---- Data listing

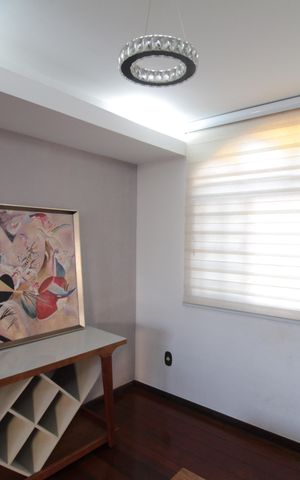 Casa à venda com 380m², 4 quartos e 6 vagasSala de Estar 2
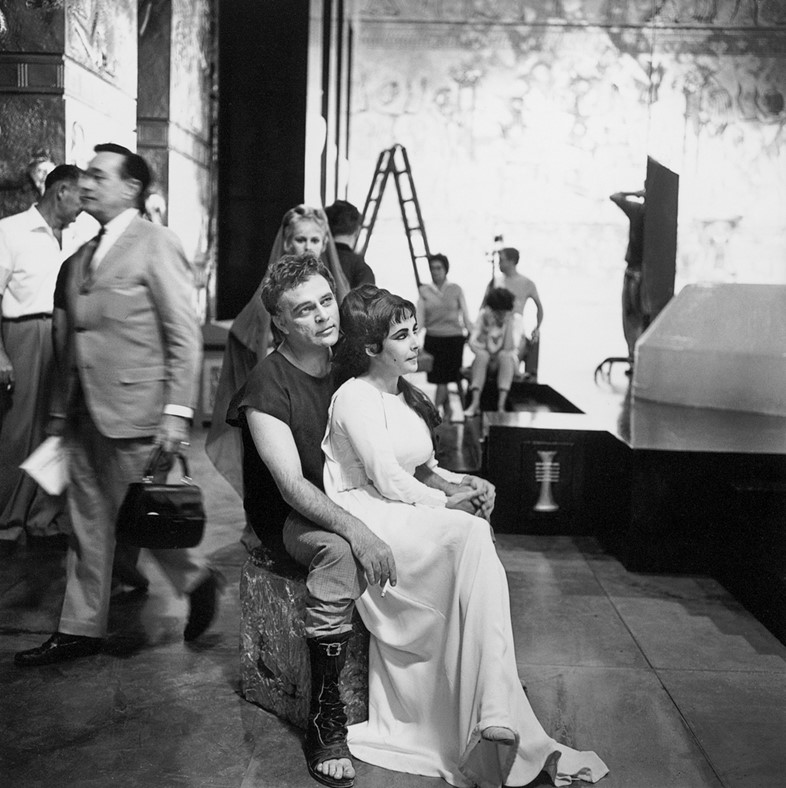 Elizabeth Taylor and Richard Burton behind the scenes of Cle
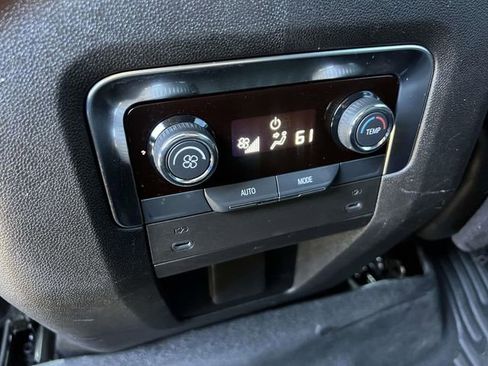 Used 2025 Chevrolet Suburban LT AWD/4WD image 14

--------
---- Data listing

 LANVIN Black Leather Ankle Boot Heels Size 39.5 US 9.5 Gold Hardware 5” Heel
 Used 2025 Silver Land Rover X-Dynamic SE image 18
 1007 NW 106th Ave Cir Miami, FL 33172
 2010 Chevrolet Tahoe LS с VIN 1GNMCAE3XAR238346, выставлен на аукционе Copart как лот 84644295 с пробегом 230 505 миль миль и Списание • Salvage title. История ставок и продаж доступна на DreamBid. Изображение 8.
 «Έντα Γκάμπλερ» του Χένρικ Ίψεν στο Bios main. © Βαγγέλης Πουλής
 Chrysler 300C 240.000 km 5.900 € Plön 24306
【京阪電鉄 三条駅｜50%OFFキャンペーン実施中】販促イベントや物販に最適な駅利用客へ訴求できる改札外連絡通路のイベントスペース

--------

## [Task details]
Reproduce, exactly and only, the lines of the records above starting at the line with "Elizabeth Taylor and" and ending at the line with "Used 2025 Chevrolet", both included. Leave every picture out.

## [Response area]
 Elizabeth Taylor and Richard Burton behind the scenes of Cle
 Used 2025 Chevrolet Suburban LT AWD/4WD image 14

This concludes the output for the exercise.